FCC's E-Rate program dedicates $450M to support broadband in schools, libraries
The FCC's E-rate program has committed $450 million to support funding for libraries and schools, which it says is six times the amount approved at this time last year by program administrator Universal Service Administrative Company (USAC).
In addition to other communications services, the USAC has allocated a total of $607 million in this first round of funding for 2014.
Among some of the projects that have been funded thus far include a statewide consortium in Maine that will provide gigabit fiber connections to 28 library sites, and in Indiana, E-rate will help support 2.5 gigabit Internet access for 21 sites near Indianapolis in the Warren Township Metropolitan School District.
E-Rate has become one of the key issues at the FCC. The regulator is in the process of reviewing how to modernize the E-rate program with a particular focus on increasing access to broadband.
Although the 18-year-old E-Rate program has connected 97 percent of U.S. libraries and schools to the Internet, many of those connections have not kept up with the times.
According to a American Library Association survey, one-quarter of libraries still have broadband speeds of 1.5 Mbps or less, and only 9 percent of libraries have speeds of 100 Mbps or greater.
FCC Commissioner Jessica Rosenworcel echoed the need for higher speed broadband connections at schools and libraries during the Chief Officers of State Libraries meeting earlier this week.
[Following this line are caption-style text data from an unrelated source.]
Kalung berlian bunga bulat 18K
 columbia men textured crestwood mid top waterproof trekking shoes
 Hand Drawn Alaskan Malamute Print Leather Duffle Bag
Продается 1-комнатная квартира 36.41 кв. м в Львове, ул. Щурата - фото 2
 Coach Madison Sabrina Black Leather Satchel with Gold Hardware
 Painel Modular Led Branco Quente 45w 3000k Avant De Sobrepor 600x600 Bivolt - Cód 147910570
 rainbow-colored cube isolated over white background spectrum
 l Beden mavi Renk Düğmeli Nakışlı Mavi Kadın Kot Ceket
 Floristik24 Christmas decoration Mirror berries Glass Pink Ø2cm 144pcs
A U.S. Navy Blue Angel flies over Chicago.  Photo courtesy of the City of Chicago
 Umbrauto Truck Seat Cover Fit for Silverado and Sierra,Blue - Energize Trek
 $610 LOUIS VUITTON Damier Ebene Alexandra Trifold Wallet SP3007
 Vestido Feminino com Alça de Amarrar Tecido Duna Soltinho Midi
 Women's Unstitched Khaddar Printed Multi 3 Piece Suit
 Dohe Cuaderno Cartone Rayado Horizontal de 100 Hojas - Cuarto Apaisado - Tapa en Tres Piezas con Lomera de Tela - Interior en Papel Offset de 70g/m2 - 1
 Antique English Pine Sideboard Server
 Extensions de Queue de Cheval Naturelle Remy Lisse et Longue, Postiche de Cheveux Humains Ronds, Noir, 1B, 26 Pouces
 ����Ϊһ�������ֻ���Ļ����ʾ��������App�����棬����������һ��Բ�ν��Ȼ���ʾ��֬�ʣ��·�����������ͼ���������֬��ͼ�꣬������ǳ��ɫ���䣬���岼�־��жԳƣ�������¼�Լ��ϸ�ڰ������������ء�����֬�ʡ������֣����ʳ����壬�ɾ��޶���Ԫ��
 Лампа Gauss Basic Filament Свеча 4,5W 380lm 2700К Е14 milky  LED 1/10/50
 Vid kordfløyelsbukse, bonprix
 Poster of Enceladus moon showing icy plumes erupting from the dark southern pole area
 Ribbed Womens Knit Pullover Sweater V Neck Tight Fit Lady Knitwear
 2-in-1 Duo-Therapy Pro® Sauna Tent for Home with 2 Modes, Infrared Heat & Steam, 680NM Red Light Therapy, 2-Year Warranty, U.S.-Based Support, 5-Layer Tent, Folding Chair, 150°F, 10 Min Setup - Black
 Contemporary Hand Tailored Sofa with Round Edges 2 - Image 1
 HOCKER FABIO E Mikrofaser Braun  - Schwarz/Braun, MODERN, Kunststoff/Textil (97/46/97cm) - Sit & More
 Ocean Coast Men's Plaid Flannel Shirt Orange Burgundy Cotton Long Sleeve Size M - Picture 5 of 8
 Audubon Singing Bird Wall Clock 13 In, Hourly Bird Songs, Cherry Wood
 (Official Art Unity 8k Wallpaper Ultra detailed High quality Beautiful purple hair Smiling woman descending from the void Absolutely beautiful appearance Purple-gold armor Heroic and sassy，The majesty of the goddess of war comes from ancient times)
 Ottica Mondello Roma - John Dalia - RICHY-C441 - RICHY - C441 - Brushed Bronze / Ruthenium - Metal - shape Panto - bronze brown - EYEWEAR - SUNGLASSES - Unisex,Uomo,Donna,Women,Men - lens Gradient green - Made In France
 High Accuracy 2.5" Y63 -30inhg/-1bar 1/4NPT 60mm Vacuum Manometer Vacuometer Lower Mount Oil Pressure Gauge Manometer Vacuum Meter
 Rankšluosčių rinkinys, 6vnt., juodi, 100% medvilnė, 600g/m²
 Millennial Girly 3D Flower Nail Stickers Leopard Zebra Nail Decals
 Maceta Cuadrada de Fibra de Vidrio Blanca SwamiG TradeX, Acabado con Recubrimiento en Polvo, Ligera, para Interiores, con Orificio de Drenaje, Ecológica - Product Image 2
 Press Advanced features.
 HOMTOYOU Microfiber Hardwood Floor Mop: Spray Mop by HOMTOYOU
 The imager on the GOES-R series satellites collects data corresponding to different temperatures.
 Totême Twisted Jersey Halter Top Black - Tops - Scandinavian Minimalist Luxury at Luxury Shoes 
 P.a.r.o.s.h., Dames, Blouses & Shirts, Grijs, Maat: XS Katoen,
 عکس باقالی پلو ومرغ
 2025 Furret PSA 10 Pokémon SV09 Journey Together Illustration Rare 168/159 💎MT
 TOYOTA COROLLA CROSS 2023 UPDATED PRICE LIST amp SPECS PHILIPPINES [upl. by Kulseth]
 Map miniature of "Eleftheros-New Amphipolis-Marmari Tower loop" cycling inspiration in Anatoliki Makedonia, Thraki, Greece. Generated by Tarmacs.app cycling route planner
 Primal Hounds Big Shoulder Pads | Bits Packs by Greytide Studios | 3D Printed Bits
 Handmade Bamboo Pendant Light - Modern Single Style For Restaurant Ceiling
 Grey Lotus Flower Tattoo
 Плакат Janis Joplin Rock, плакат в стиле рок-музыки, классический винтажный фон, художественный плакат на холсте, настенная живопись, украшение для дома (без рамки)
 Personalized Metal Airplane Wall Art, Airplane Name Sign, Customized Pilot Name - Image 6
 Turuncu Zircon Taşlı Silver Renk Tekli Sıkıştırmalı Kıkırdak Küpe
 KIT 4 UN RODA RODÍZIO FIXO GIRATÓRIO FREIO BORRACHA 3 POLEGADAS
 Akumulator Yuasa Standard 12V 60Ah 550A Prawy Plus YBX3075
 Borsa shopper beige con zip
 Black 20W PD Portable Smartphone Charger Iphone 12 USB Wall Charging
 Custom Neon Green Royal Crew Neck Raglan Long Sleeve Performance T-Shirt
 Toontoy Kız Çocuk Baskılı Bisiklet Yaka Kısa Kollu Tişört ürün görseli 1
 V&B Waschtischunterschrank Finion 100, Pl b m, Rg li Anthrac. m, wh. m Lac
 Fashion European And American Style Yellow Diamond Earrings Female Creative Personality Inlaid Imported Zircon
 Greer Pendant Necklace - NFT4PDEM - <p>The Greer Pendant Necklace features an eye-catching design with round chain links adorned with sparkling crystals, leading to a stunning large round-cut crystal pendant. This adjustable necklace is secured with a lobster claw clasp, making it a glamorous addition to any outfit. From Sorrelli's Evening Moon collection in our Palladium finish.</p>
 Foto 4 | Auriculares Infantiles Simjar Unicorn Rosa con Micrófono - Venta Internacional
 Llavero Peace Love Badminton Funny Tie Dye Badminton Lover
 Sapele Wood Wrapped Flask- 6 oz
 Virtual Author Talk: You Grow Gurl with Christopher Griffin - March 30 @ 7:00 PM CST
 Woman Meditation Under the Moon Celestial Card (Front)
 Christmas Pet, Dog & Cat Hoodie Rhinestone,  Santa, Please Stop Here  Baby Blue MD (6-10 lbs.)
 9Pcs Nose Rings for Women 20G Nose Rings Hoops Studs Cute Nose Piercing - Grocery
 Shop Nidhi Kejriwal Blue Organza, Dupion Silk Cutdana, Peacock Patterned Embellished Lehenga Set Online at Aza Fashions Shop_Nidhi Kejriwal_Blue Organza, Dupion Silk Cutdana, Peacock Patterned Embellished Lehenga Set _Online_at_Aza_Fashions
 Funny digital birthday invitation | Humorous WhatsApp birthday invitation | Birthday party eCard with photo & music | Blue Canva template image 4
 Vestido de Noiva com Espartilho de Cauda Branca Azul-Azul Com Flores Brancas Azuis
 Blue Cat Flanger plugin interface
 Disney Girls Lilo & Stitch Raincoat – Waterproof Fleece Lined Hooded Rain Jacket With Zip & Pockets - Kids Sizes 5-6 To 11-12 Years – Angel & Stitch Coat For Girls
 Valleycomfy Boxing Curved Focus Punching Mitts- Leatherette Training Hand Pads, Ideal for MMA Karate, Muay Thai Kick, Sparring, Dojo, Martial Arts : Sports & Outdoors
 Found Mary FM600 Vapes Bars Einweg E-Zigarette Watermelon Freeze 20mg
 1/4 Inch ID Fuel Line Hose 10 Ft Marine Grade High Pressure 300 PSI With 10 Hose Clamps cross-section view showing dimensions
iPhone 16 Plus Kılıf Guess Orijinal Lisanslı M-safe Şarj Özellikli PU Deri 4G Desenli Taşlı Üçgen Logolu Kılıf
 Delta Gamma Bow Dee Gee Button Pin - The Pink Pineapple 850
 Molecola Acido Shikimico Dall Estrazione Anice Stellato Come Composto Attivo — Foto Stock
"Our records suggest that 80 percent of schools and libraries believe their broadband connections do not meet their current needs. Eighty percent," Rosenworcel said. "So let's be honest. Those needs are only going to grow. Nationwide, in nearly two-thirds of communities, libraries are the only place people can access the Internet for free. Libraries have reported to the FCC that every year they see more and more requests to use public access computers and get online."